Excluding one-time items, adjusted profit was $48.3 million or 41 cents per share, compared with $36.5 million or 35 cents per diluted share a year earlier. BRP had been expected to earn 45 cents per share on $851.8 million of revenues, according to analysts polled by Thomson Reuters.
Meanwhile, the potential hit in one of its key markets has been factored into BRP’s guidance for the coming fiscal year. It expects adjusted net income will increase by between 10 and 17 per cent from last year to reach $1.55 to $1.65 per share, while revenues will increase by nine to 13 per cent.
Benoit Poirier of Desjardins Capital Markets said BRP’s guidance for next year remains “solid,” presenting a buying opportunity because of the weaker than expected results for the fourth quarter.
Sales of seasonal products, year-round products, propulsion systems and parts all grew during the fourth quarter. The strengthening of the U.S. dollar and the euro against the Canadian dollar helped add $53 million for the quarter.
However, the company expects first-quarter results will be negatively impacted by delays in summer product shipments caused by a prolonged winter and the slow ramp-up of production in Mexico. It forecasts revenue to decrease between five and 10 per cent and normalized EBITDA to fall about 50 per cent.
For the full year, BRP earned $168.3 million or $1.49 in adjusted earnings last year, up 15 per cent from the prior year as revenues surpassed the $3 billion mark for the first time, rising 10.3 per cent to $3.2 billion.
Including one-time items, it earned $59.7 million, about half the $119.2 million earned in 2012.
The company said the longer North American winter translated into a very strong snowmobile season, which is highly influenced by snowfall. It started the season with the lowest inventories since 2001 and was unable to increase production because of lead times. Shortages at some dealers caused a loss of market share, but that bodes well for next year, Boisjoli told analysts.

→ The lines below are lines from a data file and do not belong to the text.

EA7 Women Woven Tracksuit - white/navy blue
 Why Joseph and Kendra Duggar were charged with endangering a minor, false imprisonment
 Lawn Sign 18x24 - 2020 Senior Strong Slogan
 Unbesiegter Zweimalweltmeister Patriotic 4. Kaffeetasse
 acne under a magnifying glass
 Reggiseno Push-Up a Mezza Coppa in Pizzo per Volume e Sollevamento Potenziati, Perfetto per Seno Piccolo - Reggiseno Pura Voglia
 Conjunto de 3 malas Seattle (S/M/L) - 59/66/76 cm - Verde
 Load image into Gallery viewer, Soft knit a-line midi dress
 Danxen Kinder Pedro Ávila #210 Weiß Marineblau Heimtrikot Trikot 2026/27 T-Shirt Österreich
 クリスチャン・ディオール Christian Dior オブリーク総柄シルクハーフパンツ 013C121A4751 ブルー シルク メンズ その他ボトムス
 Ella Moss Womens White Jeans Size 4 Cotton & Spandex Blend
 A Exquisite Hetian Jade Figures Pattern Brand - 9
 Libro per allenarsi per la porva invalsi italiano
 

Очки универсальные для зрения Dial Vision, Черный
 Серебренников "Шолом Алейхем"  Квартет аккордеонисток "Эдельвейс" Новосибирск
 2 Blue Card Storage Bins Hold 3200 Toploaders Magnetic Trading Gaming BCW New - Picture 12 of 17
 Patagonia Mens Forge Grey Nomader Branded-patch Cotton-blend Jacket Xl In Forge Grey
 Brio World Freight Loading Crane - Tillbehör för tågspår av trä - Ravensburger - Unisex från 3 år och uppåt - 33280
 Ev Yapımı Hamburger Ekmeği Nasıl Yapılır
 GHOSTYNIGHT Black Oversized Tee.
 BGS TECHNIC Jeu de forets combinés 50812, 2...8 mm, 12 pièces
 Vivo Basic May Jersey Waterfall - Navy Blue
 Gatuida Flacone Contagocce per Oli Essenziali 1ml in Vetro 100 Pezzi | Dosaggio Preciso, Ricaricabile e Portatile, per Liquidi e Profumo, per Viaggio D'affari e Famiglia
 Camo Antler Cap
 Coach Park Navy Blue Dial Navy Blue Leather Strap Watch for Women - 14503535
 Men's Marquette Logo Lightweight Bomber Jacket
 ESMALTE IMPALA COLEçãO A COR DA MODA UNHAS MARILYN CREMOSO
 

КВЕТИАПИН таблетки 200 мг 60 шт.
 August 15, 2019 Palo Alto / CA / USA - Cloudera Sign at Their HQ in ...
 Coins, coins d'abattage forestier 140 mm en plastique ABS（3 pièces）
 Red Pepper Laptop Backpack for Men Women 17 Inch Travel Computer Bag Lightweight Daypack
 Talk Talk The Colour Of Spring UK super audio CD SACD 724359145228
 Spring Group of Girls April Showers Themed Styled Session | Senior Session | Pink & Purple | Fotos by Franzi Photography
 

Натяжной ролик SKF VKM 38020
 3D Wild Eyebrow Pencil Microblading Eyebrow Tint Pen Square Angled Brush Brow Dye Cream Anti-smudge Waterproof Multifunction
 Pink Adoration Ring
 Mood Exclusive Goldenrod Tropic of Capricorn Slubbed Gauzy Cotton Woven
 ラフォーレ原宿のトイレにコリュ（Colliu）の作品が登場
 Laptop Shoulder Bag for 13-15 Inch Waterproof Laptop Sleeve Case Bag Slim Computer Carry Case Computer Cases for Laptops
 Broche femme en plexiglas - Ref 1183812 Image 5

The prolonged winter has also delayed interest in summer personal watercraft with attendance at boat shows being down, he added.
Sales of off-road vehicles has also been weak in the last two months because of the long, cold winter as about 70 per cent of such vehicles are sold in the snowbelt market.
Boisjoli said its new manufacturing operations are “under control” after sustaining challenges in ramping up production since October.
“The ramp-up, the way we had planned it originally, was inefficient,” he said.
The company has decided to “relax” the ramp-up and some products that were supposed to be assembled in the first quarter, will be assembled in the second quarter in Valcourt, Que.